Why these situations happen ranges all over the map, and could undoubtedly fill volumes.
My work lesson was in how you deal with these types of opportunities/problems as an individual manager. So here are my thoughts, developed through a couple of trips through the school of hard knocks.
1. Just say no. If a country has a history of fleecing foreigners, or of foreign investors being mistreated, it will probably happen again. If possible, just stay out altogether.
2. Limit your exposure. Put as little in the country as possible. Take out what you can (particularly cash) whenever you can.
3. Find a solid partner. A manager, an investor or an adviser. Get someone who can see trouble coming and help you develop a plan to deal with it.
4. Verify. Trust must be earned in such places, never assumed. Check out the reputation of anyone you will be dependent upon. And double check anything important they tell you. If you don't hear if from multiple independent sources, assume it isn't true/correct.

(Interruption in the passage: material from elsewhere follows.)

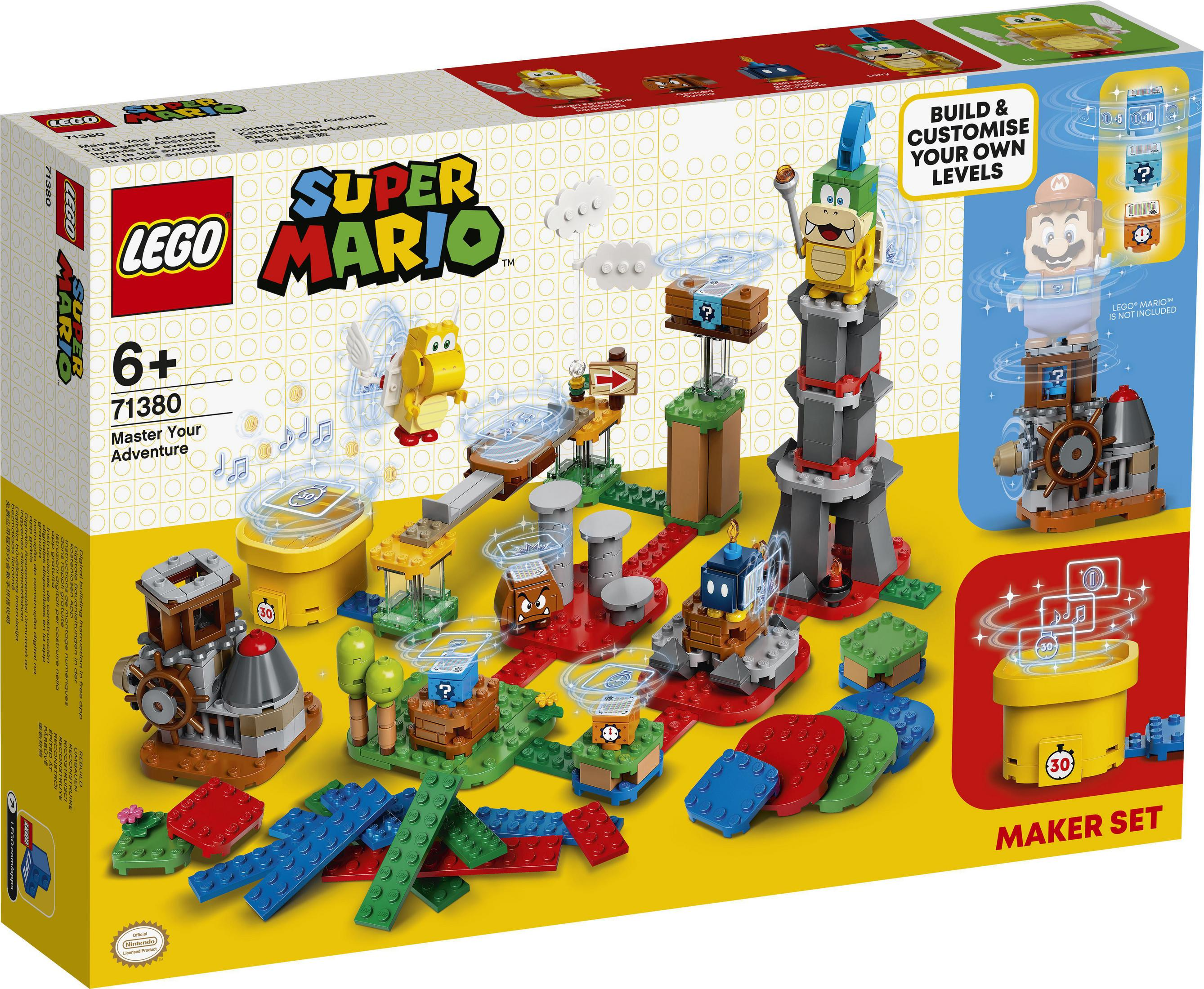 Una caja del set LEGO Super Mario con figuras y una escena colorida sobre fondo blanco.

5. Control the venue. Contracts are great, but they are even better if you control where they will be enforced. Don't accept a third world court venue where you will lose simply because you don't understand the local law, can't access to resources, and will have zero sympathy with a jury.
6. Anticipate problems. Use history, current events, and advisor information. Put together plans to deal with issues before they happen.
7. Communicate with your superiors. Sooner or later something bad will happen. It's important they are aware of the risks before a bomb drops.
International business is hard. But for many companies, it's essential to success and can't be ignored. Appropriate caution and preparation will prevent a disastrous or, at the least, a very unpleasant experience.